WORK REQUEST.
Look through the entries below for the string "Watch", and copy each line where it is found.
(Beginning of GIVEN DATA)
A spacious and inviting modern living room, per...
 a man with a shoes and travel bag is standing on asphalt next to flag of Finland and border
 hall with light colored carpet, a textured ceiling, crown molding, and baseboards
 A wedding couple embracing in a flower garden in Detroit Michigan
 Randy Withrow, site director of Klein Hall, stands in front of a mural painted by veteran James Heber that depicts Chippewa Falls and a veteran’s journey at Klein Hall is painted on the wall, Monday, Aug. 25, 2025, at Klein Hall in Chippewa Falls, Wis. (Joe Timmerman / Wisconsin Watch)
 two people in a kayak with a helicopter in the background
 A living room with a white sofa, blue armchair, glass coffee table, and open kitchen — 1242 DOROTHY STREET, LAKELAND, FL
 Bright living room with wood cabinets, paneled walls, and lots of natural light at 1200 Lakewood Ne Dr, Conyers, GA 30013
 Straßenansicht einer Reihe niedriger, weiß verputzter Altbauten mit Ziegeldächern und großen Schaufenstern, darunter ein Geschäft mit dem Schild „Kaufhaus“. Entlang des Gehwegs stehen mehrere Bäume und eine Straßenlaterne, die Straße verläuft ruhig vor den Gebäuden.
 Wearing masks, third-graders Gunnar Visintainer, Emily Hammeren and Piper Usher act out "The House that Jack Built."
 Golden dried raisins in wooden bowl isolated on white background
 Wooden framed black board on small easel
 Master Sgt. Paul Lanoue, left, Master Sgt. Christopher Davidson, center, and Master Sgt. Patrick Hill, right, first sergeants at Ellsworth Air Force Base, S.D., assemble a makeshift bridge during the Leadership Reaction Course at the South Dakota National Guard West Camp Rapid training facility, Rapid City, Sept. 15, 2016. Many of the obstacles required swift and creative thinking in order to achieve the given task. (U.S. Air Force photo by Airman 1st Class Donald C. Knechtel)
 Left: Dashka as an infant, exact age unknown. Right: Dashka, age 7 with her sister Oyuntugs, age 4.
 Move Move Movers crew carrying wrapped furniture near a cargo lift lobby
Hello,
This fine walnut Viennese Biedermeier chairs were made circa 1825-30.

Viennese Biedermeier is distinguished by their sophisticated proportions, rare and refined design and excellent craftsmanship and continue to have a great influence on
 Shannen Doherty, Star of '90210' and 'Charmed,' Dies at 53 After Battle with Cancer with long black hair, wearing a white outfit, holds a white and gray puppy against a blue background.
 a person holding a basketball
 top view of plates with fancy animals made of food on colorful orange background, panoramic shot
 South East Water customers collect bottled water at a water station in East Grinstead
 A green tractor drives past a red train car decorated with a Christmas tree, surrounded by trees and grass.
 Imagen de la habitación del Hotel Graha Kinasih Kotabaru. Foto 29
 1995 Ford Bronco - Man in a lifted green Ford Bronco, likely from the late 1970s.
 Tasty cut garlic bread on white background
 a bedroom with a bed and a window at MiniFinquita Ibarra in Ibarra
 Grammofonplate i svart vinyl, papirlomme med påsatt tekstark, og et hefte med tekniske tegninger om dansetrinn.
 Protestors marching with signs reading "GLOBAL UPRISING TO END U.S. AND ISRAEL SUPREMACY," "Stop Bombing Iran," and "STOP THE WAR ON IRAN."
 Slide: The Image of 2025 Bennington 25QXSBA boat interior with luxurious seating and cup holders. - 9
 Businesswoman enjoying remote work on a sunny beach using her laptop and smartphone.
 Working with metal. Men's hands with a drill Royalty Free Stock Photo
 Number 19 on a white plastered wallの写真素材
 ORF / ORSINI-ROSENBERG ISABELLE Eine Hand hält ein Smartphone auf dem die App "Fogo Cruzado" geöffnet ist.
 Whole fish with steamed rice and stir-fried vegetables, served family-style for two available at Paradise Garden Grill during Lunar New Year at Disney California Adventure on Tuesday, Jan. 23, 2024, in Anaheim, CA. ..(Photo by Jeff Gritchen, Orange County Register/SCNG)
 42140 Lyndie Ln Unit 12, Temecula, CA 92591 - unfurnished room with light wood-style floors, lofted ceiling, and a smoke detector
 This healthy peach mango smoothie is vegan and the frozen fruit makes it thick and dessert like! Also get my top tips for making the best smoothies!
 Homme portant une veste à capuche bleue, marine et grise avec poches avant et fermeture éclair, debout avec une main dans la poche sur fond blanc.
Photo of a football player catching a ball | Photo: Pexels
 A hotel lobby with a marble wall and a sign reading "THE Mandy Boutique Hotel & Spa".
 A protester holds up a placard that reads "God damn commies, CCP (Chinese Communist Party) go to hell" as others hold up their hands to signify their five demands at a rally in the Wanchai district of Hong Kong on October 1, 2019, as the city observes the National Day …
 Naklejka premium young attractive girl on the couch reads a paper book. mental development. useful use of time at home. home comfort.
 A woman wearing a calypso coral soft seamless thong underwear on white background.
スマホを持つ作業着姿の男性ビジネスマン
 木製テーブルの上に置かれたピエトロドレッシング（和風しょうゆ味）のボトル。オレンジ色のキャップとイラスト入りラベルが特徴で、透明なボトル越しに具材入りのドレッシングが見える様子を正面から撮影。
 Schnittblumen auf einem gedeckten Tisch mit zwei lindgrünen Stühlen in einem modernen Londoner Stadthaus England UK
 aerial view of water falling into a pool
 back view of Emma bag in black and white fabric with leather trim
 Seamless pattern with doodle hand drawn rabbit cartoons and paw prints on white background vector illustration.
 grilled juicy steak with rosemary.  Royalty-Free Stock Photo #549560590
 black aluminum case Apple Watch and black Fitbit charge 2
(End of GIVEN DATA)
SOLUTION FOR THIS EXERCISE.
 Randy Withrow, site director of Klein Hall, stands in front of a mural painted by veteran James Heber that depicts Chippewa Falls and a veteran’s journey at Klein Hall is painted on the wall, Monday, Aug. 25, 2025, at Klein Hall in Chippewa Falls, Wis. (Joe Timmerman / Wisconsin Watch)
 black aluminum case Apple Watch and black Fitbit charge 2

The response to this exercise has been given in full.